What you need to do: Below is a listing. Write out exactly its lines between the one holding "United Colors Of" and the one holding "Peppa Pig Grandpa", inclusive.

Records provided:
+-------+

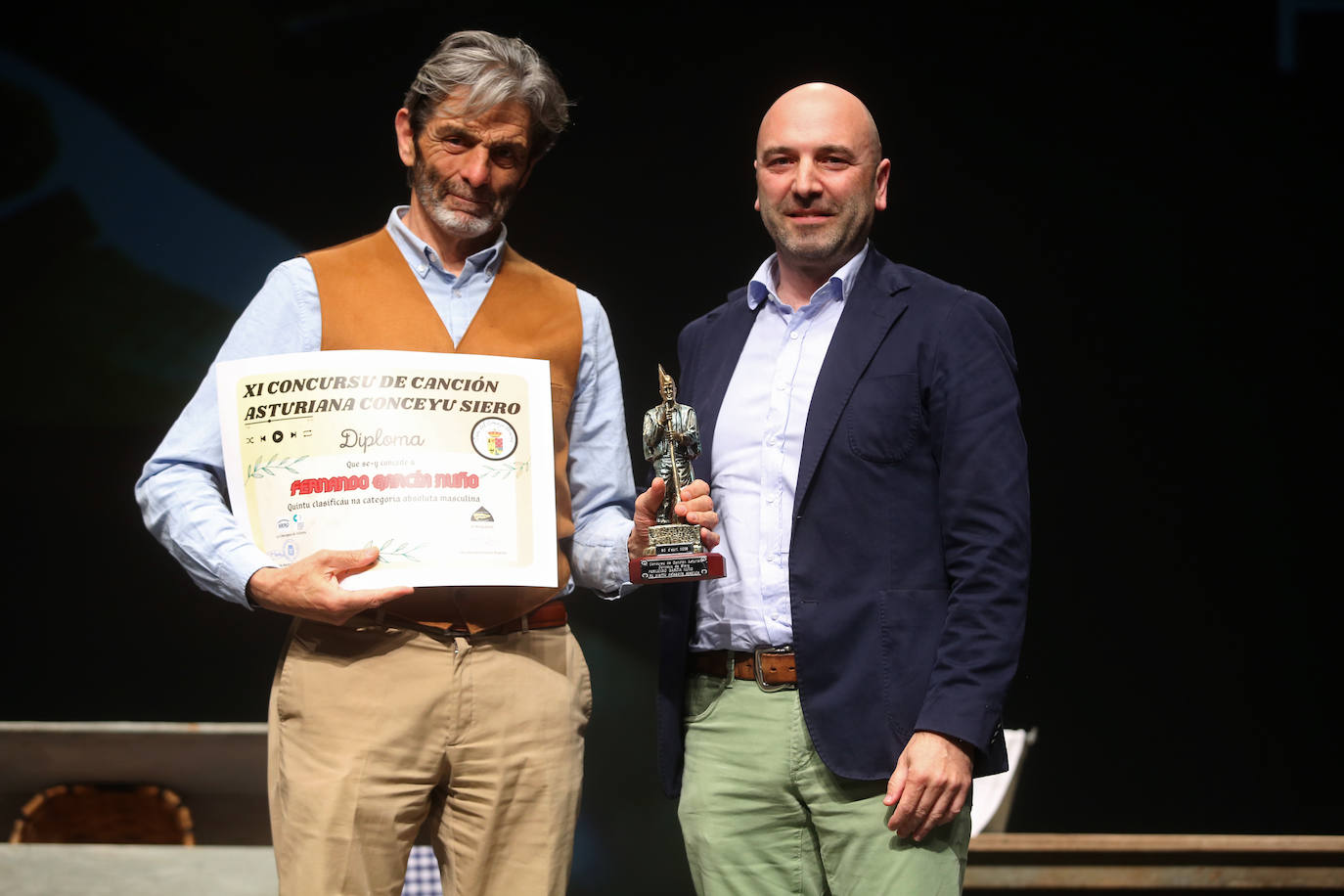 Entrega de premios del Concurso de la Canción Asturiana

+-------+

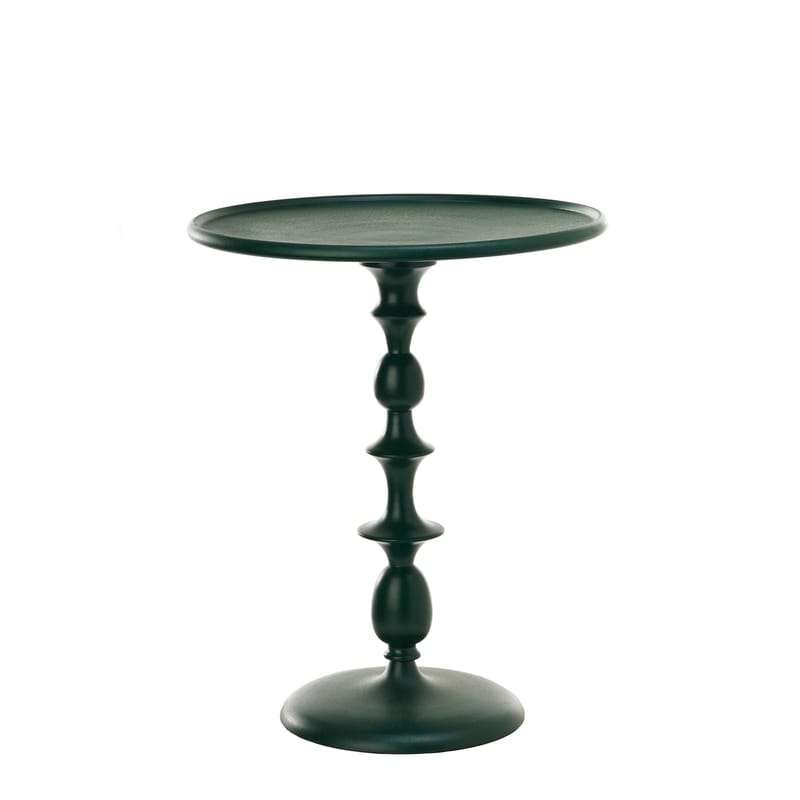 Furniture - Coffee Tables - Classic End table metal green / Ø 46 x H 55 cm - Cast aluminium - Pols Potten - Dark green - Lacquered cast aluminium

+-------+

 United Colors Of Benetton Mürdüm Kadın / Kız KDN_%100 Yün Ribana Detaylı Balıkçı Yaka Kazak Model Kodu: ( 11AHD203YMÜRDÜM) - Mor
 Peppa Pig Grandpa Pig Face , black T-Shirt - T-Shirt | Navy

+-------+

Expected answer:
 United Colors Of Benetton Mürdüm Kadın / Kız KDN_%100 Yün Ribana Detaylı Balıkçı Yaka Kazak Model Kodu: ( 11AHD203YMÜRDÜM) - Mor
 Peppa Pig Grandpa Pig Face , black T-Shirt - T-Shirt | Navy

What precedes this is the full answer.